Canterbury tops its price peak as Kiwi listings hit a six-year high

Stable prices, rising stock, and a resurgent Canterbury are opening a window for mortgage clients

Canterbury tops its price peak as Kiwi listings hit a six-year high

Canterbury has become the first major New Zealand region to surpass its 2022 price peak, reaching an all-time high average asking price of $757,136 in June — a milestone that lands alongside the busiest June for new property listings the country has seen since 2020, according to fresh data from realestate.co.nz.

Prices hold firm nationally, Canterbury sets the pace

The national average asking price held steady at $866,314, continuing a run that has kept prices within an $840,000–$890,000 band for three and a half years. Canterbury's result, up 5.2% year-on-year, stood out against that steady national picture.

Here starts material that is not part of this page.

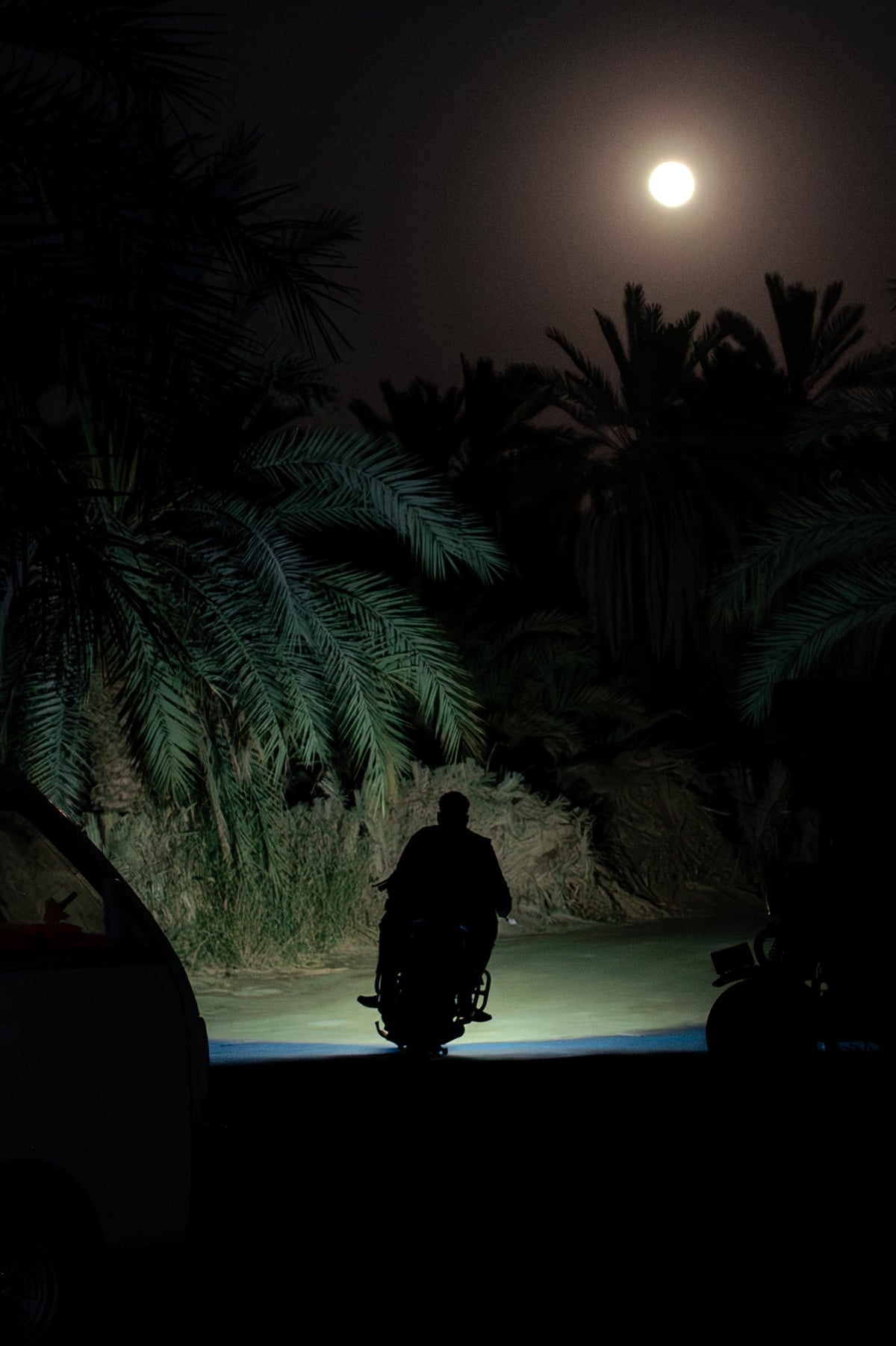 The Magic of Siwa: Going Back — gallery image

Sarah Wood (pictured), CEO of realestate.co.nz, attributed the milestone to infrastructure investment, population growth and improving liveability in Christchurch, noting that the region has "transformed itself into one of New Zealand's most compelling places to live".

Listings and stock both climb, but not evenly

New listings nationally climbed 4.3% year-on-year to 7,942 in June — the strongest June result in six years.

Wood said the figures point to a shift in mindset among vendors who had been waiting out global instability before committing to a sale.

"Anecdotally, we are hearing the same thing from across the market: people who have been holding off, waiting for things to settle, are starting to recognise that a world with more uncertainty has become the 'norm' in recent times…" she said. "And when people want or need to move, they are getting on with it."

Growth was far from even across the country. Southland led all regions at 24.7% year-on-year growth in new listings, with West Coast, Wairarapa, Nelson and Bays, and Canterbury also posting double-digit gains. Coromandel, Bay of Plenty, and Central North Island recorded double-digit declines, while Gisborne posted the steepest fall of any region, down 20.5% to just 31 new listings.

National stock levels followed a similar pattern, rising 7.3% year-on-year to 34,761 properties. Taranaki, Coromandel, and Marlborough all recorded strong increases, but Gisborne posted the largest gain of any region, up 31.1%. Central Otago/Lakes District and Southland were the only regions to record meaningful stock declines.

What it means for the lending outlook

Wood said the additional supply favours buyers who are prepared to act, particularly first-home buyers navigating pre-approval timelines. The reading is broadly consistent with REINZ's separate measure of settled sales: the national median sale price stood at $775,000 in May, up 1.3% year-on-year, with days to sell unchanged at 47 days — suggesting the confidence reflected in rising asking prices is filtering through to completed transactions, even as overall sales volumes remain below last year's levels.

That reading is echoed by independent economists. Cotality chief property economist Kelvin Davidson has described the broader market as "stuck in neutral at the national level," with buyers under no pressure to rush into a purchase and sellers under no pressure to discount.

That backdrop of stable prices and improving stock will be tested against the next major input to the lending environment: the Reserve Bank's official cash rate review on 8 July, a week after this data was released. The OCR currently sits at 2.25% following its 27 May decision.